## ENTRIES SHOWN
....................

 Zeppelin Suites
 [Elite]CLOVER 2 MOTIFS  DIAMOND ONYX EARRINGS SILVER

....................

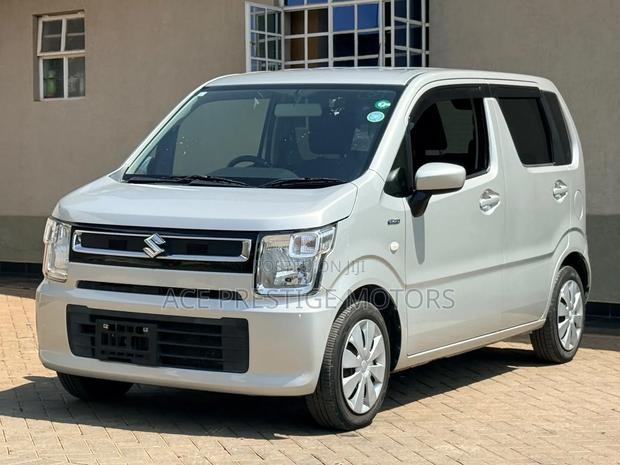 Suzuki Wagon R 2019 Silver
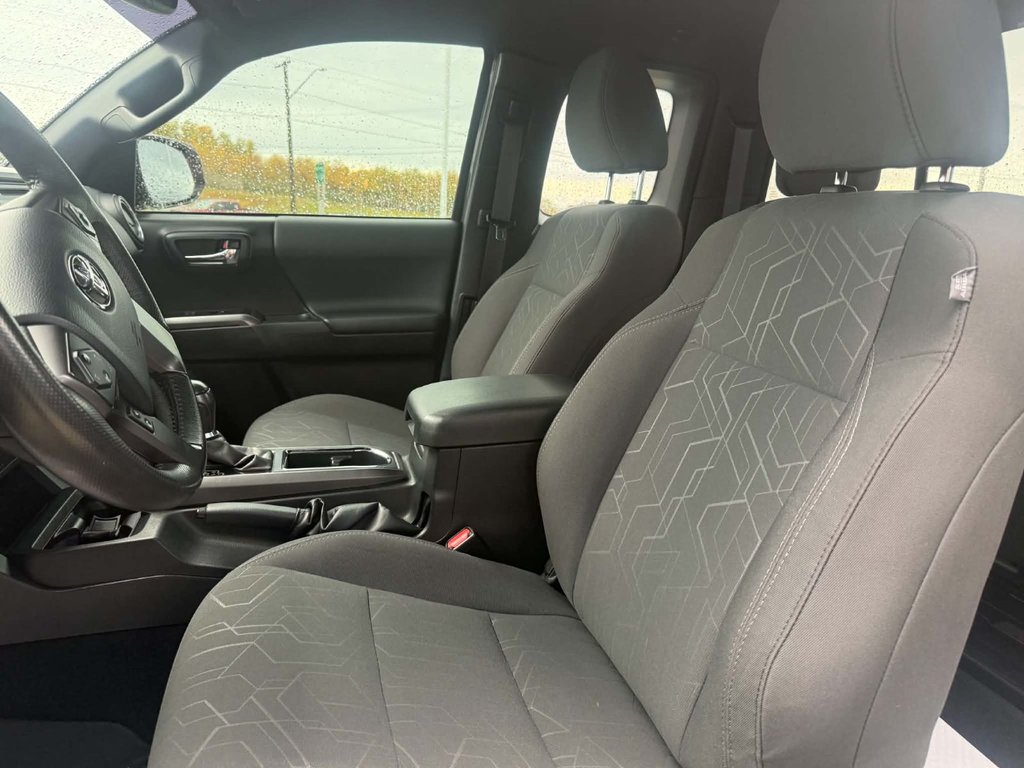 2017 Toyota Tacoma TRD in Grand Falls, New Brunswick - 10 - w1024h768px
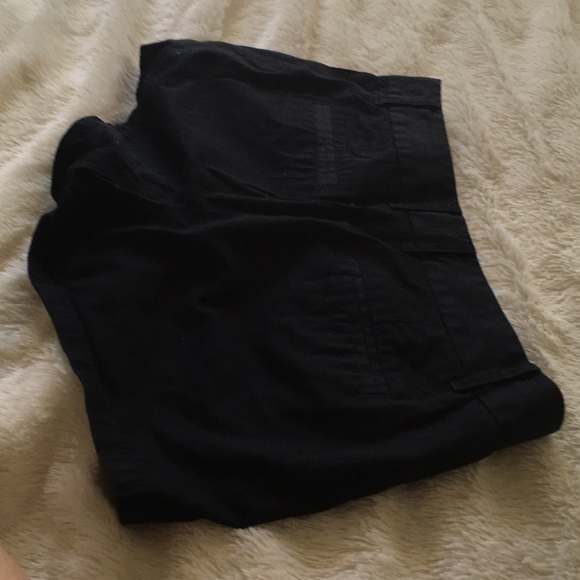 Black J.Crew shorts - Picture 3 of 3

....................

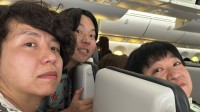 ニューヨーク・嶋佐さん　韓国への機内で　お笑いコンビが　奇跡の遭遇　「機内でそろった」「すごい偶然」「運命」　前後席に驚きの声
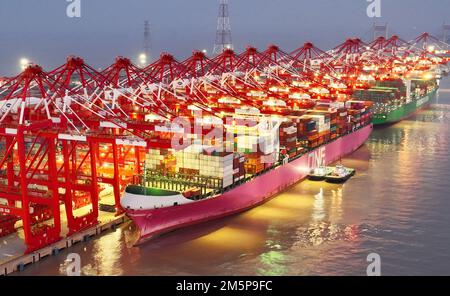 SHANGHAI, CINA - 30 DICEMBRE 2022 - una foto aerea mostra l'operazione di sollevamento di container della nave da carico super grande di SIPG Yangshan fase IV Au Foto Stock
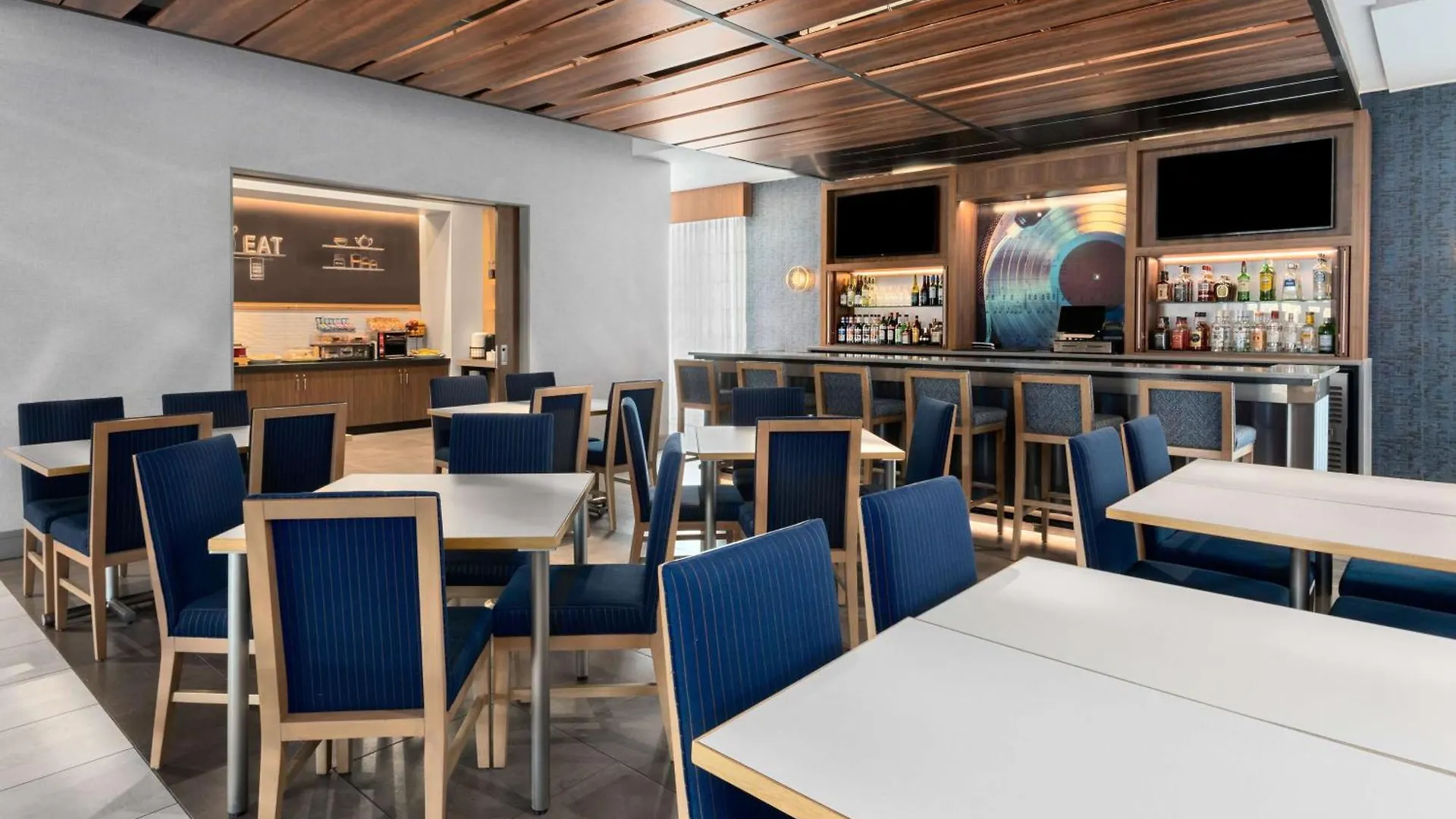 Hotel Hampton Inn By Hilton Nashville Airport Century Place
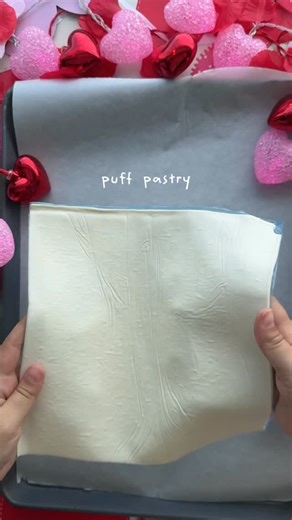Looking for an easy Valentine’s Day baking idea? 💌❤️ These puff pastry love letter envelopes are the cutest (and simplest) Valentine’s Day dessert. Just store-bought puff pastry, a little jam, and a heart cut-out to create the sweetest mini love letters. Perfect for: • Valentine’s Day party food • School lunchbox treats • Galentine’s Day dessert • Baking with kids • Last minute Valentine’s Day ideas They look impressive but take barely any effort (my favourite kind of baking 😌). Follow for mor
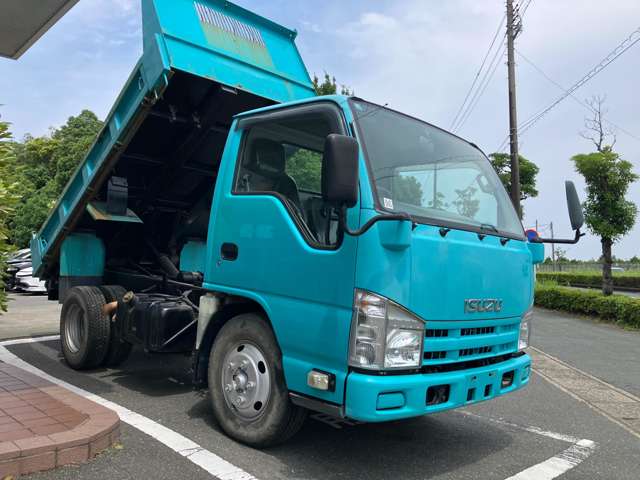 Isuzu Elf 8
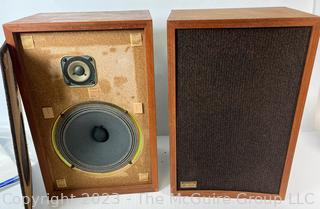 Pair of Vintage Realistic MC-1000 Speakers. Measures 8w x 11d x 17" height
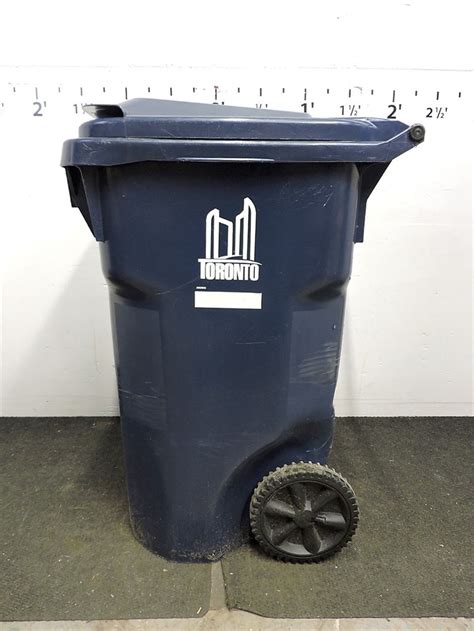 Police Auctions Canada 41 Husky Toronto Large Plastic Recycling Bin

....................

## WORK INSTRUCTION
Copy out the listing above from the line containing "Hotel Hampton Inn" to the line containing "Police Auctions Canada", both included, exactly as written and minus the images.

## WRITTEN RESPONSE
 Hotel Hampton Inn By Hilton Nashville Airport Century Place
Looking for an easy Valentine’s Day baking idea? 💌❤️ These puff pastry love letter envelopes are the cutest (and simplest) Valentine’s Day dessert. Just store-bought puff pastry, a little jam, and a heart cut-out to create the sweetest mini love letters. Perfect for: • Valentine’s Day party food • School lunchbox treats • Galentine’s Day dessert • Baking with kids • Last minute Valentine’s Day ideas They look impressive but take barely any effort (my favourite kind of baking 😌). Follow for mor
 Isuzu Elf 8
 Pair of Vintage Realistic MC-1000 Speakers. Measures 8w x 11d x 17" height
 Police Auctions Canada 41 Husky Toronto Large Plastic Recycling Bin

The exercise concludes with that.